This is a non-issue. You write the code and the window manager manages the window. It's the same under Windows.
Case in point - write a configuration for a window manager. Now convert it for use with a different one.
I'm starting to wonder if I just don't get what you're talking about. What do you mean by "a configuration for a window manager"? Do you mean a configureation program or a program configured for a particular window manager? In the latter case it's your own fault if you paint yourself into a corner by working to a specific WM. There is simply no reason to do this.
3) You cant say XP isn't proven, and then later say XP is just NT all over again.
I never even mentioned NT!
XP has _10 years_ of OS development behind it.
Development is change. Certainly parts of the Win32 code have remained for 10 years, but there is a lot of new CODE in XP and it's code that crashes, not experience.
but its still a bit of a stretch to call the guts of XP "unproven" in the same breath as saying "its really just W2k with some extra gui bits".

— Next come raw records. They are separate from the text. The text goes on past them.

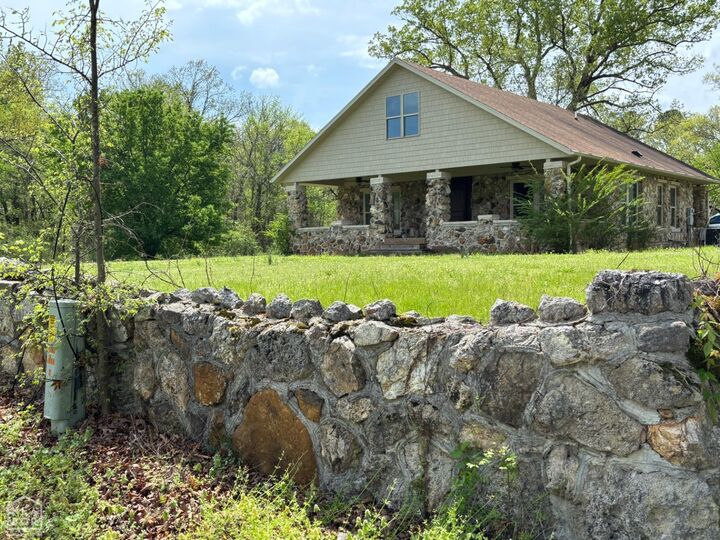 Property Photo:  429 W Ferguson  AR 72482 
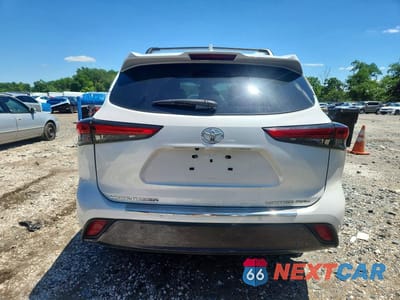 Zdjęcie 6 z 13 samochodu: 2023 TOYOTA HIGHLANDER LIMITED VIN:5TDKDRBH5PS020580 - miniatura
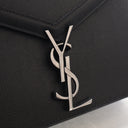 https://res.cloudinary.com/...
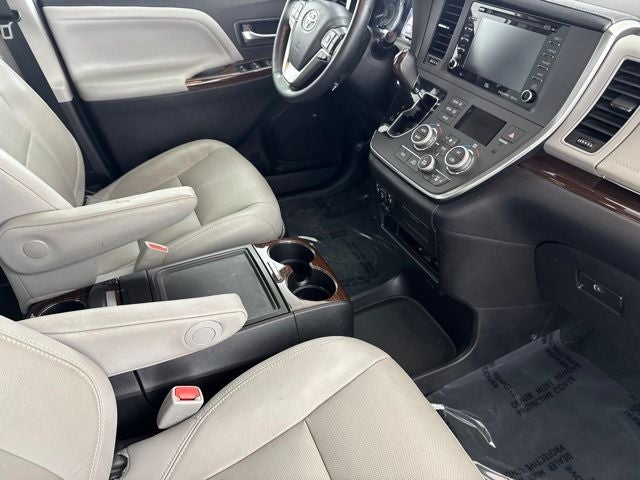2019 Toyota Sienna Limited Premium 7 Passenger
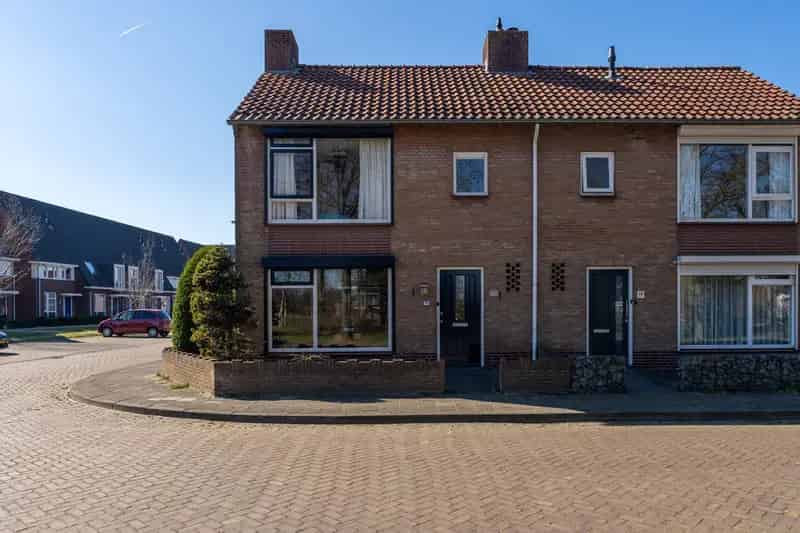 Huis Te Koop , 12, Lindenheuvel, Waspik, Noord-Brabant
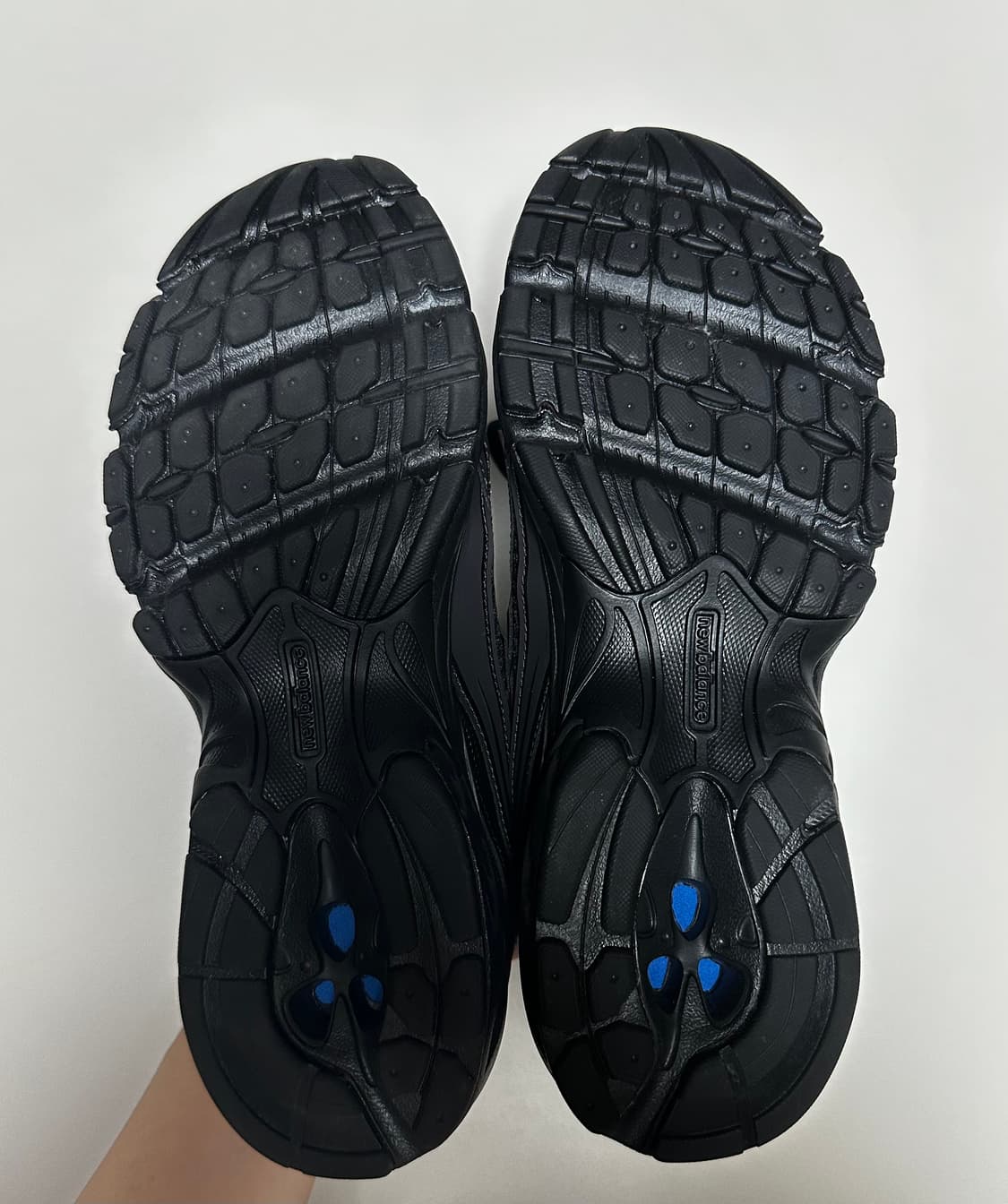 (새상품) 뉴발란스 740 시멘트 블랙 255 상품이미지4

Maybe that's why I didn't say it.
but I know for a fact MS internally has a toolchain which gives statistical test coverage assurances based on deltas between binaries. Guess thats what happens when you have a group like MSResearch at your disposal.
Guess that's why they produce buggy shit like Outlook, IIS and IE. If you didn't test the final build you didn't test the product. "Not directly tested" is marketing bullshit for "test this for us, please".
There may very well be things that are demonstrably false in what MS has released. You haven't mentioned any of them, if there are.
Clearly you would say that if MS had said that the sky is pink with orange polka-dots and I quoted them.
Common slashdotter tactics used in your message include:
- "I am an Armchair legal expert"
Yes, slander and libel are little-known technical areas of the law, aren't they?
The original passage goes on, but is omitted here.